Tran Richard H, Aldemerdash Ahmed, Chang Patricia, Sueta Carla A, Kaufman Brystana, Asafu-Adjei Josephine, Vardeny Orly, Daubert Eliza, Alburikan Khalid A, Kucharska-Newton Anna M, Stearns Sally C, Rodgers Jo E
Pharmaceutical Product Development, Morrisville, North Carolina.
Clinical Pharmacy, King Saudi University, Riyadh, Saudi Arabia.
Pharmacotherapy. 2018 Apr;38(4):406-416. doi: 10.1002/phar.2091. Epub 2018 Mar 22.
Modification of guideline-directed medical therapy (GDMT) in hospitalized patients with heart failure (HF) has not been extensively evaluated.

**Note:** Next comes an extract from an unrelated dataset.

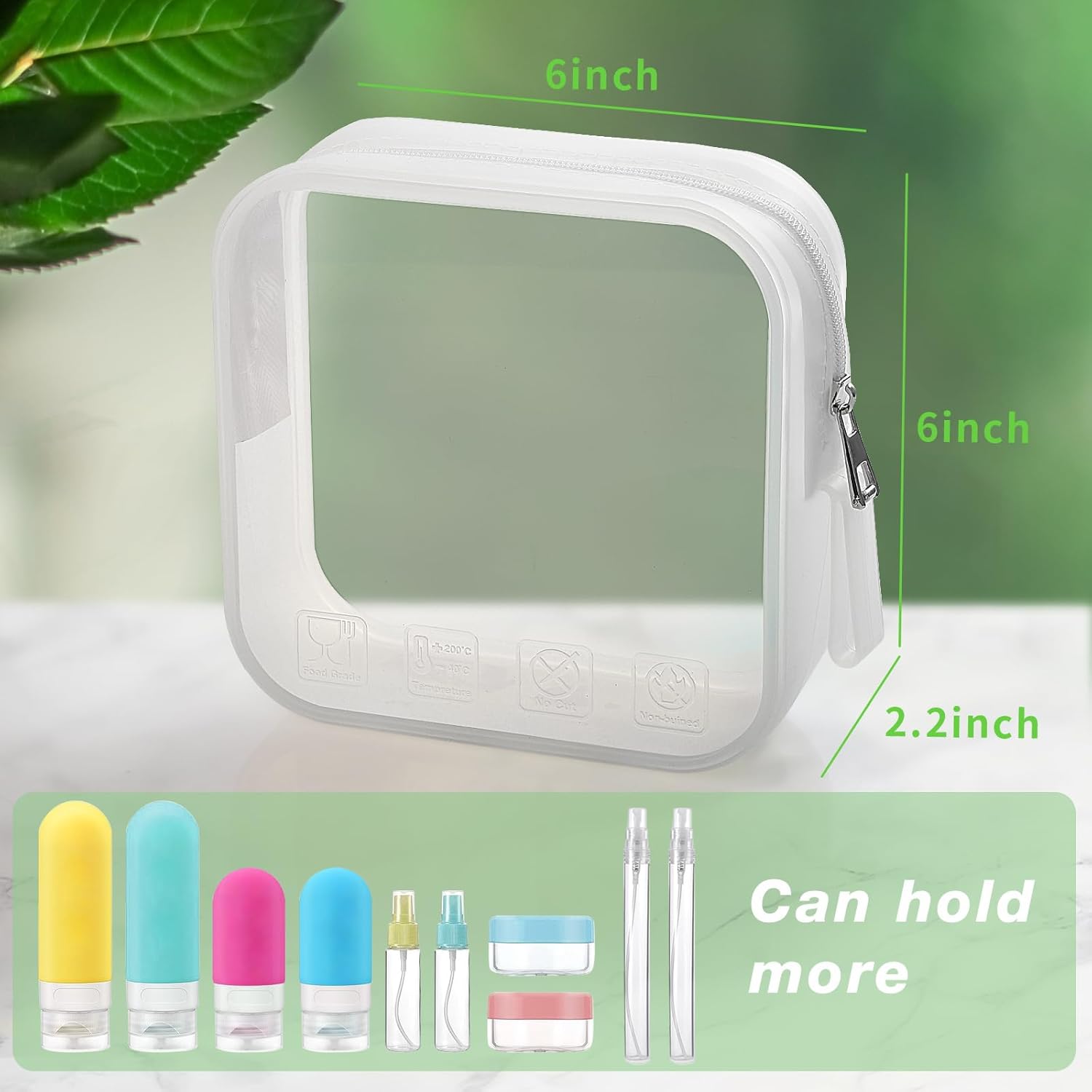 liguanlan Soporte para brochas de maquillaje, fugas de maquillaje para viajes, Claro, Bolsa de viaje de silicona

The community surveillance arm of the Atherosclerosis Risk in Communities Study identified 6959 HF hospitalizations from 2005-2011. Predictors of GDMT modification and survival were assessed using multivariable logistic regression and Cox proportional hazards models.
For 5091 hospitalizations, patient mean age was 75 years, 53% were female, 69% were white, and 81% had acute decompensated heart failure (ADHF). Regarding ejection fraction (EF), 31% of patients had HF with reduced EF (HFrEF), 24% had HF with preserved EF (HFpEF), and 44% were missing EF values. At admission, 52% of patients received angiotensin-converting enzyme inhibitors/angiotensin receptor blockers (ACEIs/ARBs), 66% β-blockers (BBs), 9% aldosterone-receptor antagonists, 16% digoxin, 10% hydralazine, and 29% nitrates. Modification of GDMT occurred in up to 23% of hospitalizations. Significant predictors of GDMT initiation included ADHF and HFrEF; discontinuation of medications was observed with select comorbidities. In HFrEF, initiation of any GDMT was associated with reduced 1-year all-cause mortality (adjusted hazard ratio [HR] 0.41, 95% confidence interval [CI] 0.23-0.71) as was initiation of ACEI/ARBs, BBs, and digoxin. Discontinuation of any therapy versus maintaining GDMT was associated with greater mortality (HR 1.30, 95% CI 1.02-1.66). Similar trends were observed in HFpEF.
Our study suggests that GDMT initiation is associated with increased survival, and discontinuation of therapy is associated with reduced survival in hospitalized patients with HF. Future studies should be conducted to confirm the impact of GDMT therapy modification in this population.
针对住院心力衰竭(HF)患者的指南指导药物治疗(GDMT)调整尚未得到广泛评估。
社区动脉粥样硬化风险研究的社区监测部门确定了2005年至2011年期间6959例HF住院病例。使用多变量逻辑回归和Cox比例风险模型评估GDMT调整和生存的预测因素。
在5091例住院病例中,患者平均年龄为75岁,53%为女性,69%为白人,81%患有急性失代偿性心力衰竭(ADHF)。关于射血分数(EF),31%的患者为射血分数降低的心力衰竭(HFrEF),24%为射血分数保留的心力衰竭(HFpEF),44%的患者EF值缺失。入院时,52%的患者接受血管紧张素转换酶抑制剂/血管紧张素受体阻滞剂(ACEI/ARB),66%接受β受体阻滞剂(BB),9%接受醛固酮受体拮抗剂,16%接受地高辛,10%接受肼屈嗪,29%接受硝酸盐。高达23%的住院病例发生了GDMT调整。GDMT起始的显著预测因素包括ADHF和HFrEF;在某些合并症中观察到药物停用。在HFrEF中,任何GDMT的起始与1年全因死亡率降低相关(调整后的风险比[HR]为0.41,95%置信区间[CI]为0.23 - 0.71),ACEI/ARB、BB和地高辛的起始也是如此。与维持GDMT相比,任何治疗的停用与更高的死亡率相关(HR 1.30,95% CI 1.02 - 1.66)。在HFpEF中观察到类似趋势。
我们的研究表明,GDMT起始与住院HF患者生存率提高相关,而治疗停用与生存率降低相关。未来应开展研究以证实GDMT治疗调整对该人群的影响。